The input Start Marker

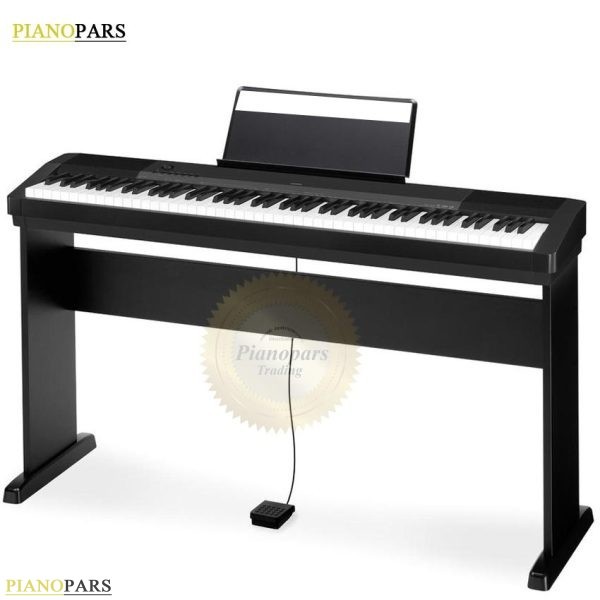 قیمت پیانو کاسیو S100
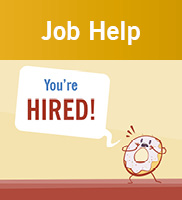 Job help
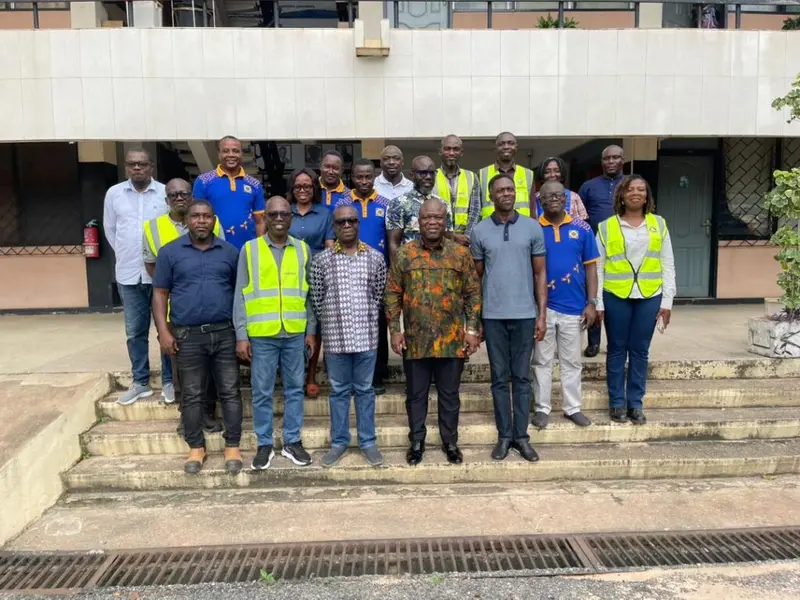 GRIDCo, ECG to upgrade transmission lines to boost power supply in Volta and Oti Regions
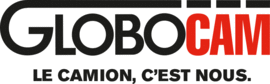 Logo Globocam (Montreal) Inc.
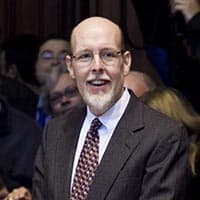 Honorable Joe Markley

The input End Marker

Each record must be repeated verbatim, and no picture may appear in the copy.

 قیمت پیانو کاسیو S100
 Job help
 GRIDCo, ECG to upgrade transmission lines to boost power supply in Volta and Oti Regions
 Logo Globocam (Montreal) Inc.
 Honorable Joe Markley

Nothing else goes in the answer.